Is asylum bad for men (and better for women)? Changing perspectives on female and male refugees and asylum seekers in the Netherlands in the period 1945-2000
Subproject of "Differences that make all the difference. Gender, migration and vulnerability (migration to the Netherlands 1945-2005)"
A remarkable fact triggers my research. Recent studies show that female asylum seekers in the Netherlands are granted refugee status or a humanitarian status relatively more often than their male counterparts. In the period between 1993 and 1998 the chances for female asylees of acquiring asylum were 8% percent higher than the chances of male asylees according to figures of the Dutch Immigration and Naturalization Service. This fact was confirmed by recent research on the period 1993-2005 by two Sociologists. Data of the United Nations High Commissioner for Refugees for Sweden for the period 1995-1997 and for Switzerland for the period 1993-1996 showed that female asylum applicants likewise stood better chances of positive outcomes than men. Apparently sex influences the outcome of an asylum request. For earlier periods no similar data not exist on the recognition rates of asylum seekers, but one might expect that during periods prior to 1993 female asylum seekers counted on a more favourable treatment by the Dutch immigration authorities. The question of course is why it is more favourable to be a woman. Is it because of the law? Is it because the backgrounds of male and female asylums seekers are different? Is it because they flee because of different reasons? Or is it because the decision takers of the Ministry of Justice are less restrictive towards women? Or finally, and I believe this might be the case, is that the arguments used to grant -or deny- asylum to men or women are different.

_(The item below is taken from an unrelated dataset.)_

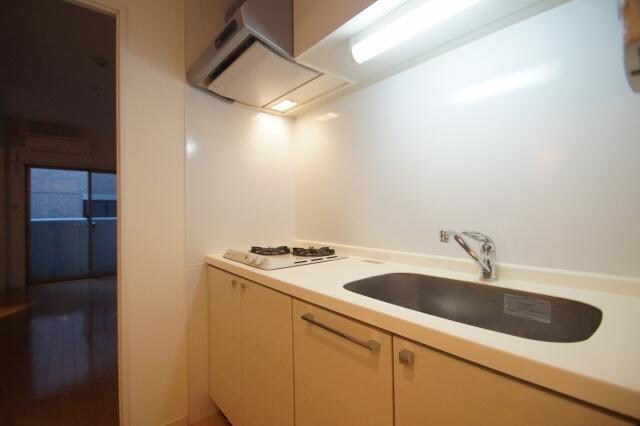 グランフォーレ薬院南の物件内観写真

In my dissertation I describe the asylum policies of the Dutch authorities after the Second World War (1945-2000). This migration has not yet been described from a long term perspective. This is true for the Netherlands, but also for other countries. Most often only the arrival of one particular group of asylum seekers is described. The leading question of this research is why certain asylum seekers were granted asylum and others were denied a status. I am mainly interested in the arguments used by the different people involved in the procedure during different periods. Not only the arguments of the decision takers are inventoried, but also the arguments used by individuals who wanted to alter the decisions of the Ministry of Justice. I collect their arguments in the individual case files of asylum seekers of the Ministry of Justice and Foreign Affairs. I believe that arguments forwarded by supporters of asylum seekers did affect decisions and that they were able to convince the decision takers of the juridical machinery to grant asylum seekers a status.
Several groups of arguments are distinguished and I believe that the line of argumentation altered since the late 1940s. For example in the early fifties the fear of communistic spies was present in many case files of the Ministry of Justice. This argument disappeared later and then often asylum seekers were described only as vulnerable innocent victims. In these case files one could find letters sent by various people with various backgrounds; classmates of the children of asylum seekers, members of the same church, but also of the employer of the asylum seeker.
By looking at the mechanisms of inclusion and exclusion for a period of 55 years it becomes possible to discover changes in the positioning of actors towards asylees and refugees. In my case gender awareness means that attention is paid to the fact that women fled for different reasons and encountered different support networks during their flights and in the receiving society. Therefore I believe that male and female have (or “created”) different refugee claims, but also that their supporters maintained these gender differences, when they pleaded in favour of male or female asylum seeker.